Geoff Hale, who leads the Cybersecurity and Infrastructure Security Agency’s Election Security Initiative, said undermining confidence in elections is so simple that he predicts many more adversaries will look for an opportunity to get involved.

“The playbook is out there, we’ll see more actors than ever,” Mr. Hale said at the Intelligence and National Security Summit in Maryland. “And we have to help our election officials, our election partners, posture to address this.”



Influencing voters’ opinions and confidence in election outcomes is a primary concern for the government, but former intelligence officials said they are also worried about foreign adversaries’ attempts to interfere in the elections.

Glenn S. Gerstell, who retired from the government in 2020 after serving as the National Security Agency’s general counsel, said the threat of hackers looking to change votes is real but extremely unlikely to occur.

“It’s rather difficult to actually change vote totals, it’s very difficult to get involved in the Associated Press tabulation mechanism, which compiles, rolls up all the state totals,” Mr.
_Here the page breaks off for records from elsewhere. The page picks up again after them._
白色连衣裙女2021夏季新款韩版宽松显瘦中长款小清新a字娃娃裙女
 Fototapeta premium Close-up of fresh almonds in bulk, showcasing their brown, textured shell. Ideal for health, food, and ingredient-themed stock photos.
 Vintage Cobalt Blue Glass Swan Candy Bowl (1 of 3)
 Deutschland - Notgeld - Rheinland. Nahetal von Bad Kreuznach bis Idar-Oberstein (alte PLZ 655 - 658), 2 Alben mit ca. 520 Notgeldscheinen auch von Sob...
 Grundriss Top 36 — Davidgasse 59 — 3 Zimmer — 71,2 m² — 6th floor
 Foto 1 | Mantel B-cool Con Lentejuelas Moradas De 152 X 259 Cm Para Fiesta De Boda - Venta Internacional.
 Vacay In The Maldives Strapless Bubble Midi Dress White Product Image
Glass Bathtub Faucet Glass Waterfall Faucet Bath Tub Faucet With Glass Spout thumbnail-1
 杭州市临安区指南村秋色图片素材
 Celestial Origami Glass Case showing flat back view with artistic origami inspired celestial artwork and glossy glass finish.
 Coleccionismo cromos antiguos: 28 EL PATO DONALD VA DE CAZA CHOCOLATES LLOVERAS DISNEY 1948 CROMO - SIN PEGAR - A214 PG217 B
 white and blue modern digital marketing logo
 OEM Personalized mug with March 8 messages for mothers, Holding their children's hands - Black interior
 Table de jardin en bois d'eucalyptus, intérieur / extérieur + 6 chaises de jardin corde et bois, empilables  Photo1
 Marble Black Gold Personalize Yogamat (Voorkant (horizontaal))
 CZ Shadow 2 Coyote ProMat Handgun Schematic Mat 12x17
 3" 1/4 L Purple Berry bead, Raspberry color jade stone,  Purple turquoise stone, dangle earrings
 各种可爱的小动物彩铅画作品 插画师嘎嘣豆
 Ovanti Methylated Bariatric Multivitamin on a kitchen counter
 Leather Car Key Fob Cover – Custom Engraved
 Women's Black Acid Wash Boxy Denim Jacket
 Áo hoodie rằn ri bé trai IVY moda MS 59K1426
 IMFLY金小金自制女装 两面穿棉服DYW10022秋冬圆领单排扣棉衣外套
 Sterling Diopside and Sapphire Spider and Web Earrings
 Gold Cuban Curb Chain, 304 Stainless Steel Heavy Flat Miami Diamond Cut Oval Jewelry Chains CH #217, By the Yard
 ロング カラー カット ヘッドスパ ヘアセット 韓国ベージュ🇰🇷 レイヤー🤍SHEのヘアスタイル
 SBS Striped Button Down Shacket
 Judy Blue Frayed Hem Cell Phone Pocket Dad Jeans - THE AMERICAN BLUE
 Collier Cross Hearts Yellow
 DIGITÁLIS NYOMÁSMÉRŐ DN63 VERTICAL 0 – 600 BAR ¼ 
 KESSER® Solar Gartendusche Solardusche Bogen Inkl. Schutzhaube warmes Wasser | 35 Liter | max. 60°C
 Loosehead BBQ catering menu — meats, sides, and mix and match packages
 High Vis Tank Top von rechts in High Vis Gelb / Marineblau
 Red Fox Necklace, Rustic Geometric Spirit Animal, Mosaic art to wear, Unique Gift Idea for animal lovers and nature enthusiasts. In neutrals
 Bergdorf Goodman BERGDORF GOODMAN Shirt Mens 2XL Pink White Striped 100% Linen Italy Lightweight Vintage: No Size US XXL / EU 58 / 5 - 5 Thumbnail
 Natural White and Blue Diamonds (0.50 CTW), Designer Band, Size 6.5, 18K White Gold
Gerstell said at the summit on Friday. “So that’s pretty technically difficult, not impossible but pretty technically difficult, but not necessarily an easy target.”

For the upcoming midterm elections, the NSA and Cyber Command have activated their Election Security Group which has responsibility for disrupting foreign cyberattackers aiming to hack or interfere with elections. The group identifies attackers and then fights back by exposing them publicly, making their financial costs soar, and through other techniques.

Debora Plunkett, who left the NSA in 2016 after decades of federal service, cautioned that Americans must not forget about “domestic fringe actors” either. Ms. Plunkett formerly oversaw the NSA’s cyber defense, cryptography and information systems security missions and now advises electoral campaigns about cybersecurity threats.

“The American public is accustomed to us being concerned about Russia and China, we’ve been concerned about Russia and China and Iran forever,” Ms. Plunkett said at the summit. “The American public is not so accustomed to us being concerned about a next-door neighbor or a friend around the corner, or a colleague. And, to me, those are areas that we have got to be paying some attention to.”

Ms. Plunkett said Americans need to take responsibility for verifying the information they consume if they intend to take action on it. She stressed the need for individuals to think critically and encouraged Americans to vote.